> [YOUR TASK]:
There is material below. Print exactly the lines starting at the line with "MA license plate 309XE5" and ending at the line with "Woodstock to Mableton map", ends included, and no others.

> [SOURCE MATERIAL]:

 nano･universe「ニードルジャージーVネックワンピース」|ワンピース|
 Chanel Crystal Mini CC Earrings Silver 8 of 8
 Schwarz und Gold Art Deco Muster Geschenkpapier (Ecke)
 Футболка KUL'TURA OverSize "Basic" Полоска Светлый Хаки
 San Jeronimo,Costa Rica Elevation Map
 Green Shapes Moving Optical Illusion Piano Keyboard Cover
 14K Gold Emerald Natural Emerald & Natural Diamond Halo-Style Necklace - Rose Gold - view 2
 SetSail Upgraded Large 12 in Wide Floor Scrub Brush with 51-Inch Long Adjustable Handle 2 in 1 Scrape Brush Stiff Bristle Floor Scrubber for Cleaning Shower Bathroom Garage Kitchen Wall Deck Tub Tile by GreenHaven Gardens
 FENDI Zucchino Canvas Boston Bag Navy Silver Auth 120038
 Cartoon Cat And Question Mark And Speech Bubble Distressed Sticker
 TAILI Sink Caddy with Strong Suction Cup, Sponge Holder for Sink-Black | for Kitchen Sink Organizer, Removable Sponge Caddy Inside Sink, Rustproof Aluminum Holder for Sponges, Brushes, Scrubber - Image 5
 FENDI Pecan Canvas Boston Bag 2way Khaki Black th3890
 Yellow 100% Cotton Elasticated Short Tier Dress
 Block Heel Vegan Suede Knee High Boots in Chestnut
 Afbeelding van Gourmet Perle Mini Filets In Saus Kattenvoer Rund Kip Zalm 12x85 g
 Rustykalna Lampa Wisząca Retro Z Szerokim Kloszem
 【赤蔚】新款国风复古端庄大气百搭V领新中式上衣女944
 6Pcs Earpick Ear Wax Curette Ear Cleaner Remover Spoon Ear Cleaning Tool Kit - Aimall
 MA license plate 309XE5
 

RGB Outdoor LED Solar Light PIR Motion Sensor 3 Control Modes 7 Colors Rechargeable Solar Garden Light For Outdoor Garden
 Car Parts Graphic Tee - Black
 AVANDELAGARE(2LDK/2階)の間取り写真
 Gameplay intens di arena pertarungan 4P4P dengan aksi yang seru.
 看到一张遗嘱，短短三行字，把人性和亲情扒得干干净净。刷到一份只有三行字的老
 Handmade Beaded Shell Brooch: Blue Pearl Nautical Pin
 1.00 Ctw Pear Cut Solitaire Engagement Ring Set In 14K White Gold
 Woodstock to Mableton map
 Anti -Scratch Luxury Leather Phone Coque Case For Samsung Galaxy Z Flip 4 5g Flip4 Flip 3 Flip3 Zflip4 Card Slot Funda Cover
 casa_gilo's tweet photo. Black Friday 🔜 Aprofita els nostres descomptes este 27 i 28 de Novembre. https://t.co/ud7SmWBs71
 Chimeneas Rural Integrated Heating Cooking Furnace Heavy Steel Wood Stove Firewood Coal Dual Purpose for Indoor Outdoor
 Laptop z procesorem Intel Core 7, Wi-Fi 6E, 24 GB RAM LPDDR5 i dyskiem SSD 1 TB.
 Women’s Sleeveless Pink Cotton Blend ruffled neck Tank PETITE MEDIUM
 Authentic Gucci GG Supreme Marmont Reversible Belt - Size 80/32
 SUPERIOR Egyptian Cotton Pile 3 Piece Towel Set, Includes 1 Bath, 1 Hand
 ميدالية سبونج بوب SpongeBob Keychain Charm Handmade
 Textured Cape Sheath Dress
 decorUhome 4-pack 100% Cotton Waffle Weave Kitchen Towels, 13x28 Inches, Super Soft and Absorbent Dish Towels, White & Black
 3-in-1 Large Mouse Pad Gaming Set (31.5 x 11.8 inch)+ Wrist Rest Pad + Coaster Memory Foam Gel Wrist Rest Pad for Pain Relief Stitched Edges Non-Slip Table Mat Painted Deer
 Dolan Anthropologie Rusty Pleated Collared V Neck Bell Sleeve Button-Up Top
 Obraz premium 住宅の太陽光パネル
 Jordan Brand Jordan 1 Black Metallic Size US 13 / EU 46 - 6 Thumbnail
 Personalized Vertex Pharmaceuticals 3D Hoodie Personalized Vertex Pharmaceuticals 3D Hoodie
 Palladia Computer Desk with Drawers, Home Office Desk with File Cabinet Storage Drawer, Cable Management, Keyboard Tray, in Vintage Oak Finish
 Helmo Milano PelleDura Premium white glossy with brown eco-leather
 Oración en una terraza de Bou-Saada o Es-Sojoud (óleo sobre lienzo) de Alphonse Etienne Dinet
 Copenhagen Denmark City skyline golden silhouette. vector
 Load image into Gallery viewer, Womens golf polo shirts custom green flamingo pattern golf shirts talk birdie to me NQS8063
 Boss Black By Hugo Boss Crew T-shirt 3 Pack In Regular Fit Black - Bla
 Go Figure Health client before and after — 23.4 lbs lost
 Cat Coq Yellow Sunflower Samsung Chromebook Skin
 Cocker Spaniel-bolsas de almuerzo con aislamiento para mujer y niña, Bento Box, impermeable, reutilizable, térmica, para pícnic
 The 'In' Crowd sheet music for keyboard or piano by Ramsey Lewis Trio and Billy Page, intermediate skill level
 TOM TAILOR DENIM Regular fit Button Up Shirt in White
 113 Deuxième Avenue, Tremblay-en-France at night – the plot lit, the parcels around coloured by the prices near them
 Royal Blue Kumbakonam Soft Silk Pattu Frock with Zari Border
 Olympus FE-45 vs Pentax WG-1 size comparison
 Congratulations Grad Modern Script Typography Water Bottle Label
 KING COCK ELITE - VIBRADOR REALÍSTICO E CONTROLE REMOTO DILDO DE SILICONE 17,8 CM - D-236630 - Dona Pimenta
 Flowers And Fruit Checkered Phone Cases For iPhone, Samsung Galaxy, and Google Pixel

> [WRITTEN REPLY]:
 MA license plate 309XE5
 

RGB Outdoor LED Solar Light PIR Motion Sensor 3 Control Modes 7 Colors Rechargeable Solar Garden Light For Outdoor Garden
 Car Parts Graphic Tee - Black
 AVANDELAGARE(2LDK/2階)の間取り写真
 Gameplay intens di arena pertarungan 4P4P dengan aksi yang seru.
 看到一张遗嘱，短短三行字，把人性和亲情扒得干干净净。刷到一份只有三行字的老
 Handmade Beaded Shell Brooch: Blue Pearl Nautical Pin
 1.00 Ctw Pear Cut Solitaire Engagement Ring Set In 14K White Gold
 Woodstock to Mableton map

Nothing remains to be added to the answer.